# taz.de -- Mayo Thompson und Scott Walker: Fiepen aus dem Kalten Krieg
       
       > Schlaue Musik: „Baby and Child Care“ von Mayo Thompsons Band The Red
       > Krayola und „The Childhood of a Leader“ von Scott Walker.
       
 (IMG) Bild: Mehr Licht: Mayo Thompson und sein konstruktiver Gesangsvortrag
       
       Kindheit, sogenannte formative years, Prägungen, Freiheit, Individualität –
       die Konflikte, die in den noch stark von Disziplinarinstitutionen wie
       Schule, Fabrik, Militär geprägten 1950er Jahren um Konformismus und
       Freiheit entstanden, sind weitgehend vergessen und umgelabelt worden.
       
       Solange das Übel in falschen Institutionen lokalisierbar war, konnte man
       über andere nachdenken und versuchen, den gesellschaftlichen Einfluss, den
       es weder auf der Straße noch in Wahlen zu gewinnen gab, über die Erziehung
       (oder eben gerade Nichterziehung) der nächsten Generation zu gewinnen.
       
       Wenn auf Deutsch von Dr.
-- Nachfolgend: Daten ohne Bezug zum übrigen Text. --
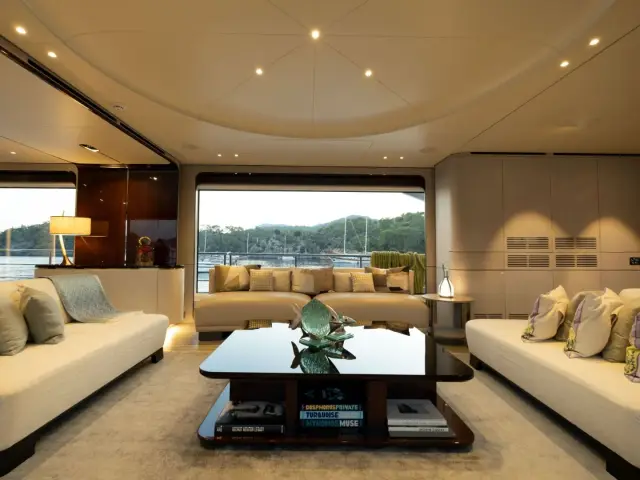 LOVE T | Azimut Grande 35  — 47 / 61
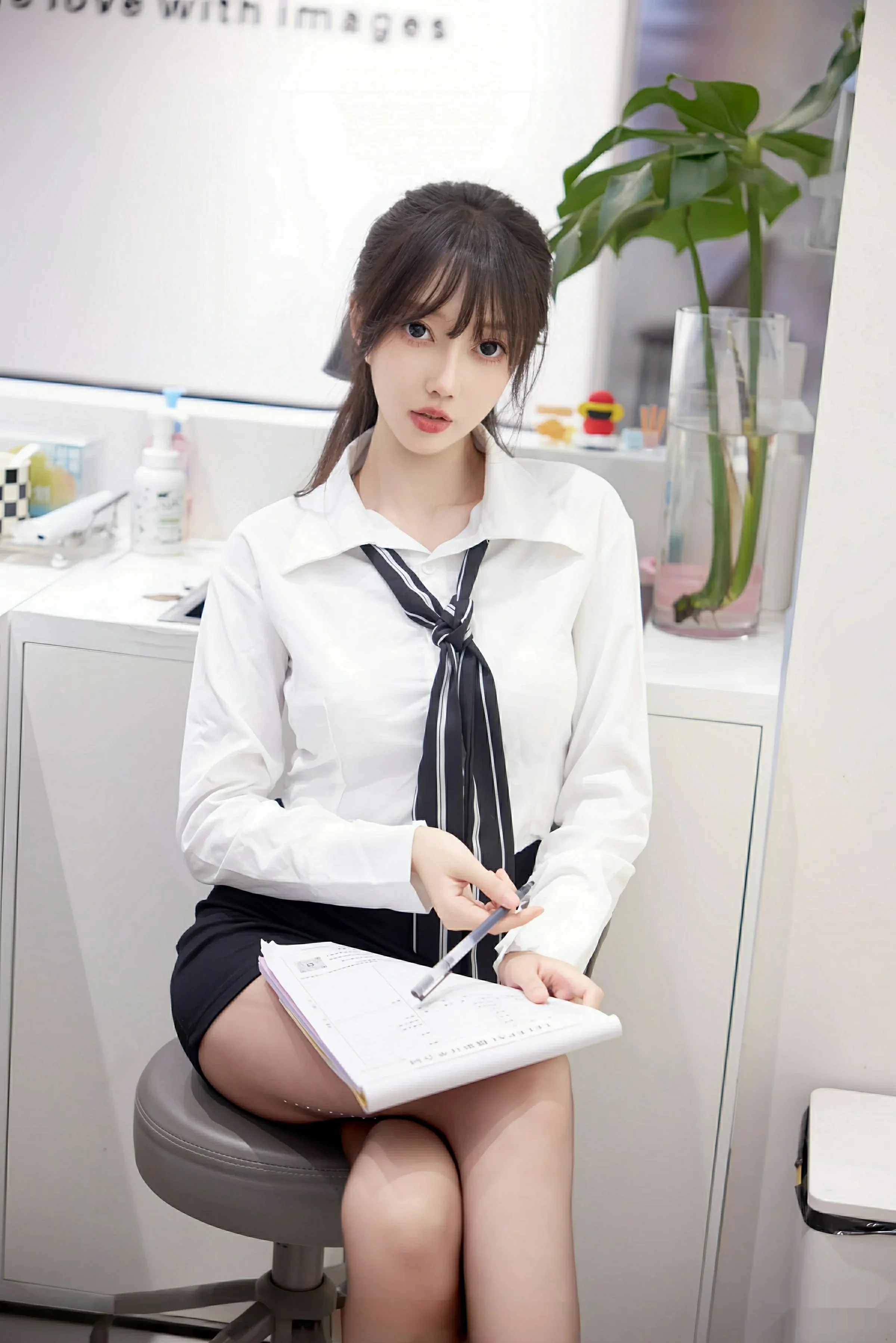 [[XiuRen秀人网]秀人网]No.10636_模特玥儿玥er性感白色衬衫配黑色短裙露超薄黑丝秀美腿诱惑写真58P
Spock die Rede ist, kann man davon ausgehen, dass
       jemand dem Vulkanier vom Raumschiff „Enterprise“, von dessen
       Intellektualität beeindruckt, einen Titel verliehen hat, den er in der
       Serie gar nicht trägt.
       
       ## Ratgeber Dr. Spock
       
       In den USA war ein anderer Dr. Spock eine weithin berühmte Figur, und jeder
       wusste, dass sie nicht mit Mr. Spock verwandt oder verschwägert war. Dr.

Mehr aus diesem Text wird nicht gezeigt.